Jesus provides a model and image for us to live as gifts for others. Even as we move into this Christmas season marked by challenging economic times, this should not prevent us from being a gift to the people that God has placed in our lives. Consider how He continues to give Himself to us personally and sacramentally in the life of the Church. We are each called to follow His example.
This Christmas, I am encouraged to consider how Catholic families are a gift to the world. St. John Paul II, in his 1981 apostolic exhortation, Familiaris Consortio, urged, “Families, become what you are … spouses are therefore the permanent reminder to the Church of what happened on the Cross; they are for another and for the children witnesses to the salvation in which the sacrament makes them sharers.”
Before they are parents, they are spouses and are called by God to be a gift to each other. This is the goal of marriage. The more that spouses set for themselves the goal to be a gift for their spouse, to give themselves away for their spouse, then the happier they will be.
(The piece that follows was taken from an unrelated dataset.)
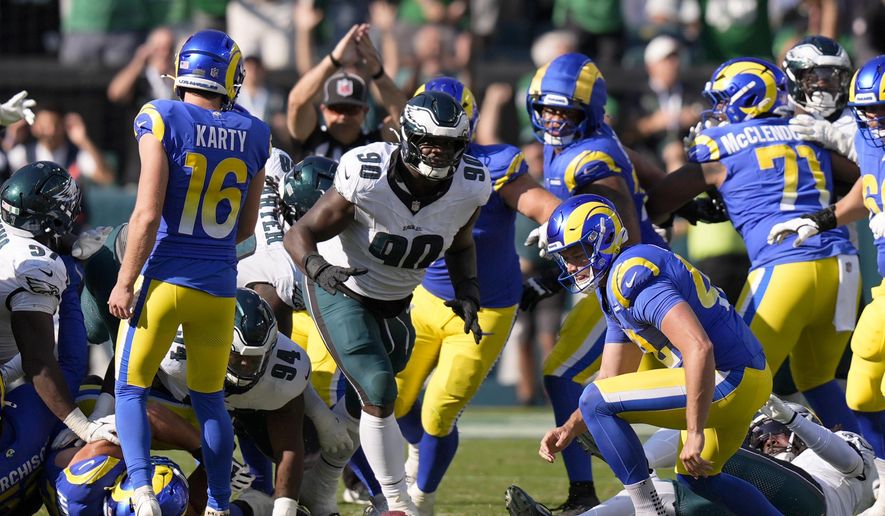 Philadelphia Eagles defensive tackle Jordan Davis (90) prepares to pick up the ball after blocking a field goal attempt by Los Angeles Rams kicker Joshua Karty (16) and run the ball back for a touchdown as time expires during the second half of an NFL football game against the Los Angeles Rams Sunday, Sept. 21, 2025, in Philadelphia. (AP Photo/Chris Szagola)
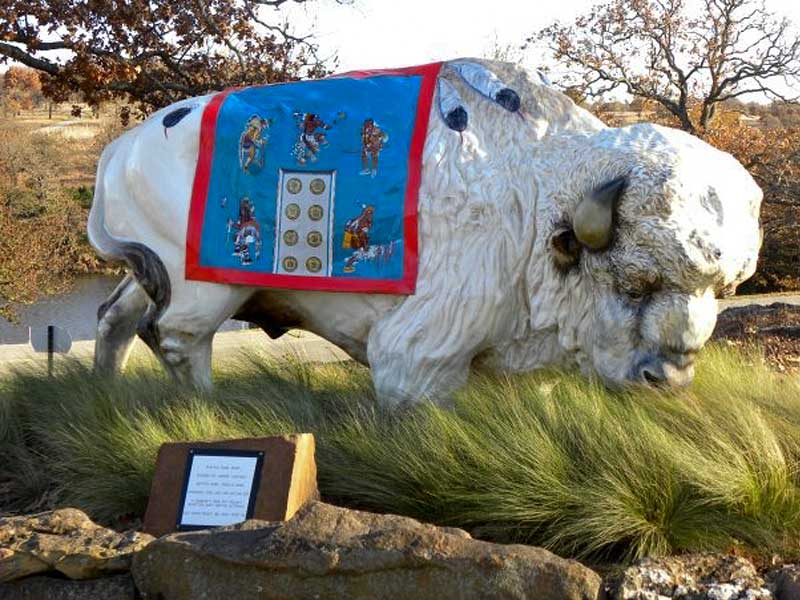 Magic White painted buffalo sculpture with painted blanket representing entrance to Woolaroc museum.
If this giving is not dependent on the reaction of their spouse, just as Christ giving Himself was not dependent on public reception, then it will become truly sacrificial, following the model of Christ. The marital relationship will not be a competition marked by scorekeeping or a list of successes and failures, but rather be characterized by humility and selfless service. When spouses develop attitudes of being a gift for the other, regardless of response, then the entire family and the world will benefit.
The marriage, of course, is the primordial gift for their children. The marital relationship and maintenance of it should even take primacy over care of children. This does not mean that the children are ignored or overlooked, but emphasizes the truth that when spouses remain healthy in their relationship, then the children will be better cared for because the spouses will remain deeply united and will become a better gift for the children, making the entire family a gift to the world.
There are many practical ways for families to live together as the domestic church to foster holiness and become gifts to the world. The Catholic faith is rich with devotional practices, and it is important for children to grow up with such devotions. I would recommend that parents take the time to read Living Beyond Sunday: Making Your Home a Holy Place by Adam and Haylee Minihan and David and Pamela Niles. These young couples from our diocese offer guidance and insight on fostering the domestic church in the home.
I would encourage each family to develop a vibrant prayer life, especially the rosary. Commit to faithful attendance at Mass and receive the gift of Jesus Christ in the Eucharist together as a family. Go to Confession regularly. Be committed to passing on the Catholic faith to your children. Schedule a family reading night. Finally, do not take yourselves too seriously. We are, after all, human, and we will make mistakes. We can laugh at ourselves and move ahead with full confidence in God’s never-ending love for us in Jesus Christ. Merry Christmas and may the grace of our Lord Jesus Christ richly bless you and your families during this wondrous season.